With reports on struggling Eurozone economies abounding and news continuing to warn industry of the repercussions on financial systems, you would expect the SMB sector to be particularly vulnerable to the knock on effects. Afterall they make up one of the parts of the economy that traditionally rely on banks for access to capital. It’s interesting then to note the results from Sage’s Business Index which shows only 19 per cent of the 10,000 plus small businesses polled citing lack of funding/access to capital was a problem.
Could it be that the SMB sector has simply learned valuable survival skills from the last financial meltdown and this time feel more prepared? With 69 per cent of small businesses polled for this second Business Index reporting revenues had either held steady or had grown over the last six months, despite fears this would not be the case– it would seem so, with the single exception of Spain where 44 per cent recorded a decrease.
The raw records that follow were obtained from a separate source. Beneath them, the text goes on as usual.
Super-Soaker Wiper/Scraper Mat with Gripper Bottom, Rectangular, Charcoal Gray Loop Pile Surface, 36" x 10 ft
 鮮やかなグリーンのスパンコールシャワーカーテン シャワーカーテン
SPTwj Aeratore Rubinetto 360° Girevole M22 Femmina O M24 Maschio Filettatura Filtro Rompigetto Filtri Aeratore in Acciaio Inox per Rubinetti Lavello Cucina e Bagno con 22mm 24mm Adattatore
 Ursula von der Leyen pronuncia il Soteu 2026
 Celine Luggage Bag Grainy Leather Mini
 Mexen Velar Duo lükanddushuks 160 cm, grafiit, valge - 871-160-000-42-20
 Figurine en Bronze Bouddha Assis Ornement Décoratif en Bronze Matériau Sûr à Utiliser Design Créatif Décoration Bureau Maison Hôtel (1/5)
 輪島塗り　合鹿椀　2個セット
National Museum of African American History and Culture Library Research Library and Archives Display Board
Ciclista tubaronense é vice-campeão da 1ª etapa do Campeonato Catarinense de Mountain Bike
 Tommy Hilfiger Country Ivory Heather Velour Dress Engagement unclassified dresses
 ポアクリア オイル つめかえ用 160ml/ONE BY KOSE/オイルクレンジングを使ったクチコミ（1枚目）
According to this research, the biggest challenge faced by the majority of small businesses (47 per cent) in fact relates to rising costs – especially the cost of fuel and raw materials – a sure indicator that SMBs more than anything are looking at driving strategies of growth, innovation and sustainability that do not rely on bank lending practices.
Spain again stands apart with a quarter of Spanish small businesses citing lack of funding or access to capital, an indication that Spanish business owners are perhaps more reliant on banks to support growth and manage cash flow than in other regions.
Today the Eurozone hangs in the balance with doubts over whether the single currency will survive the storm, shepherding in the biggest challenge for Europe since the EU began.
All the more important to remember that in the Eurozone’s current predicament we are witnessing not an end but a beginning of new and different possibilities.